Histoire banale ici : un citoyen a dénoncé un militaire des FARC, dont le container était plein. Le citoyen a été tué qq nuits plus tard. Ici, tout qui agit en justicier disparaît vite…

Pendant le séminaire à Butembo que j’ai donné la semaine dernière à 40 piliers de la société civile + politiciens + professeurs + religieux, j’ai enseigné les méthodes d’actions non-violentes, par lesquelles la force de la vérité se propage sans que jamais un nom ne soit connu, un individu ne se soit avancé seul (surtout ne jamais agir en justicier, ne pas s’approprier la justice, ne pas personnaliser le Cadre de Droit) : l’art de mobiliser le groupe jusqu’à atteindre une masse critique pour atteindre l’objectif précis de changement, objectif réaliste à notre portée. C’est justement le point faible de ces révoltes populaires qui s’indignent et s’affrontent à des Forces du ‘Désordre établi’, sans que leurs forces soient canalisées.
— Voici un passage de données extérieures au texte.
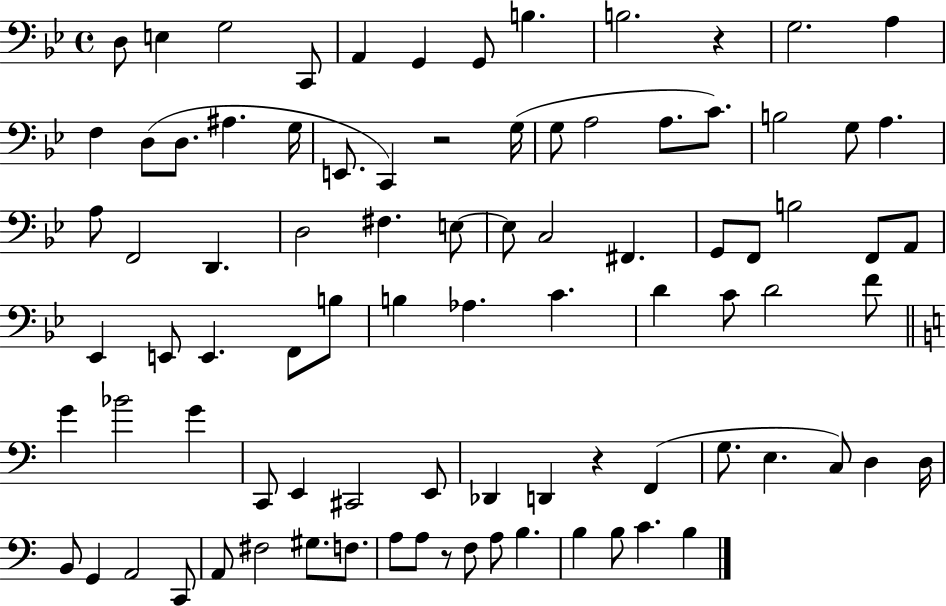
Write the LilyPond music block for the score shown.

{
  \clef bass
  \time 4/4
  \defaultTimeSignature
  \key bes \major
  d8 e4 g2 c,8 | a,4 g,4 g,8 b4. | b2. r4 | g2. a4 | \break f4 d8( d8. ais4. g16 | e,8. c,4) r2 g16( | g8 a2 a8. c'8.) | b2 g8 a4. | \break a8 f,2 d,4. | d2 fis4. e8~~ | e8 c2 fis,4. | g,8 f,8 b2 f,8 a,8 | \break ees,4 e,8 e,4. f,8 b8 | b4 aes4. c'4. | d'4 c'8 d'2 f'8 | \bar "||" \break \key a \minor g'4 bes'2 g'4 | c,8 e,4 cis,2 e,8 | des,4 d,4 r4 f,4( | g8. e4. c8) d4 d16 | \break b,8 g,4 a,2 c,8 | a,8 fis2 gis8. f8. | a8 a8 r8 f8 a8 b4. | b4 b8 c'4. b4 | \break \bar "|."
}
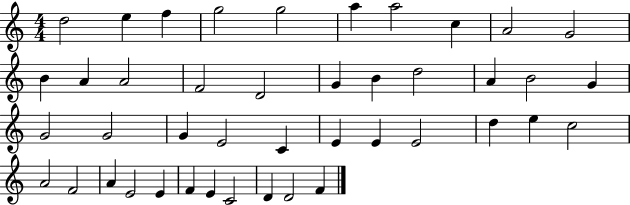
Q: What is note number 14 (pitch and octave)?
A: F4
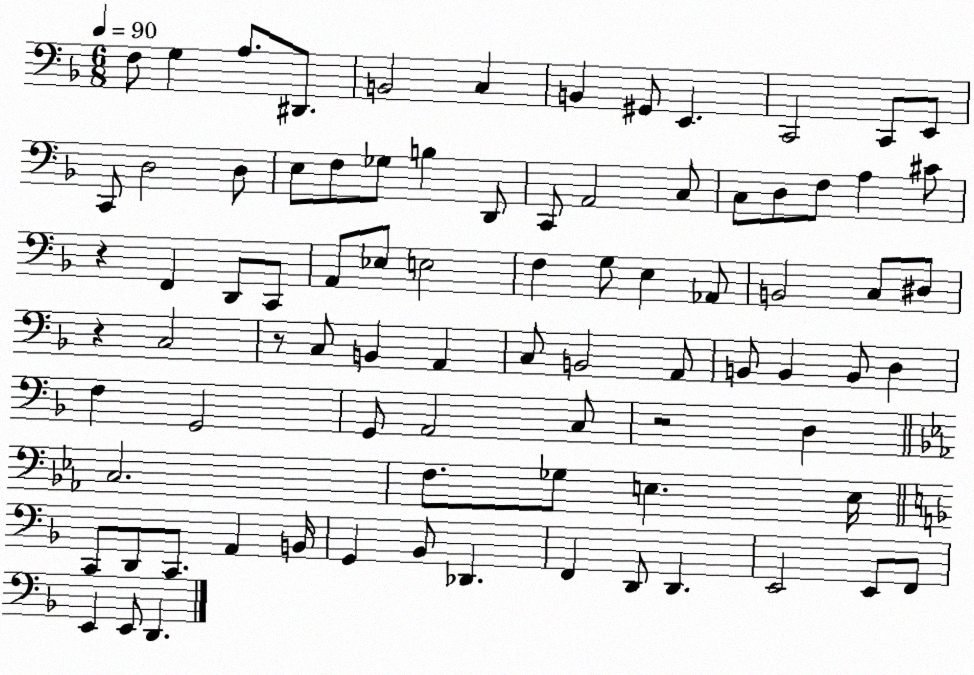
X:1
T:Untitled
M:6/8
L:1/4
K:F
F,/2 G, A,/2 ^D,,/2 B,,2 C, B,, ^G,,/2 E,, C,,2 C,,/2 E,,/2 C,,/2 D,2 D,/2 E,/2 F,/2 _G,/2 B, D,,/2 C,,/2 A,,2 C,/2 C,/2 D,/2 F,/2 A, ^C/2 z F,, D,,/2 C,,/2 A,,/2 _E,/2 E,2 F, G,/2 E, _A,,/2 B,,2 C,/2 ^D,/2 z C,2 z/2 C,/2 B,, A,, C,/2 B,,2 A,,/2 B,,/2 B,, B,,/2 D, F, G,,2 G,,/2 A,,2 C,/2 z2 D, C,2 F,/2 _G,/2 E, E,/4 C,,/2 D,,/2 C,,/2 A,, B,,/4 G,, _B,,/2 _D,, F,, D,,/2 D,, E,,2 E,,/2 F,,/2 E,, E,,/2 D,,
Je vis l’urgence de former ces leaders à la fois honnêtes, humbles et intelligents que je connais après 15 ans de sessions dans la région. Je tiens à les accompagner dans un engagement réfléchi et orienté constructivement vers un progrès, à partir de leurs créativités pour trouver la bonne prise, à l’image de la marche du sel d’un mois (moins 5 jours) de Gandhi et de la marche d’un an (plus 5 jours) des Afro-américains boycottant les bus de l’apartheid.